Driving Better Outcomes: Fiscal Year 2016 State Status and Typology Update
The current economic climate and need for expanded access and completion for all students, especially underserved populations, in higher education have sparked renewed interest in outcomes-based funding (OBF) policies, which tie a portion of state funding to institutional performance metrics. Today 30 states are developing or implementing OBF policies. HCM Strategists’ Martha Snyder and her team update the 2015 report Driving Better Outcomes: Typology and Principles to Inform Outcomes-Based Funding Models for 2016 with enhanced analysis of state OBF policies.
Driving Better Outcomes: Fiscal Year 2016 State Status & Typology Update, provides data on the continued development of OBF policies throughout the nation. The report, funded by the Bill & Melinda Gates Foundation, also evaluates OBF policies based on key elements they address and the level of funding they command. The aim of this classification effort is to help inform policymakers, stakeholders and researchers by developing, improving and analyzing postsecondary funding policies that incent and yield the best outcomes for students.
The 2016 update provides additional in-depth analysis of funding model components for all states with OBF policies in place for both the two-year and four-year sectors. The combined funding available to institutions through tuition and direct state aid are examined for five states with relatively advanced OBF systems. This analysis allows state policy makers, institutional leaders and researchers to have a better understanding of the full picture of funding flowing in to support students and education in states with OBF policies in place.

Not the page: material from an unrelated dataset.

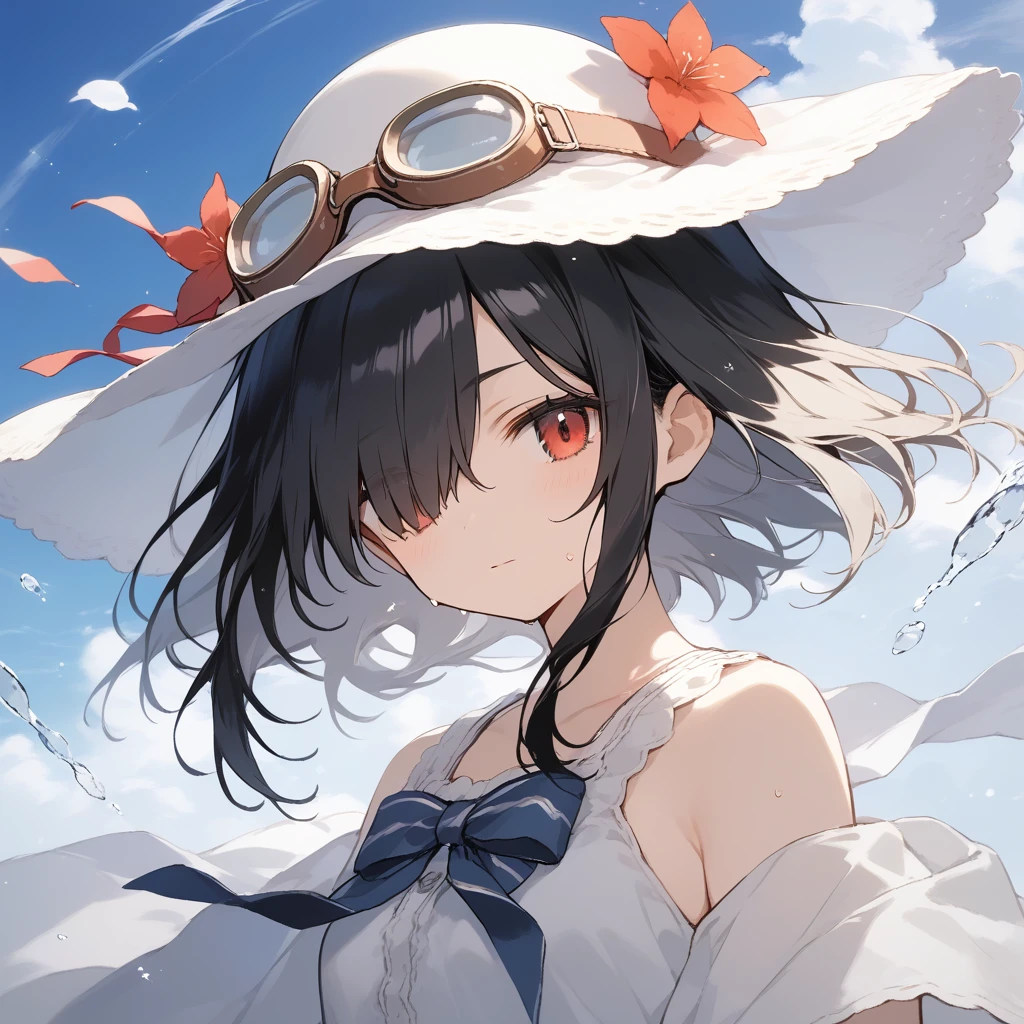 score_9, score_8_up, score_7_up, source_anime, best quality, masterpiece, official art, absurdres, highres, ultra-detailed,waifu2x,Collection: Slice of Life,break,1girl, short hair, black hair, hair over one eye, small breasts, beautiful detailed eyes, hat, goggles on headwear, skirt, sweat, expressionless, sleepily, fantasy, outdoors, wind, break,(clear line illustration:1.2),very high resolution, very aesthetic, super detailed skin, Best cinematic lighting powered by famous artist, 8k, beauty illustration,photoshop_(medium),,(Detailed Lighting),best anime 8k konachan wallpaper, pixiv contest winner,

Although many states have embraced some aspect of OBF policies, only a few states have developed and implemented fully aligned state finance policies with objectives to increase student attainment and close student equity gaps, and several have not considered these policies as an option. Policymakers, institutional leaders and other stakeholders must continue to evaluate and understand how these finance policies, in their varied design, align with objectives to support students to complete their programs of study successfully.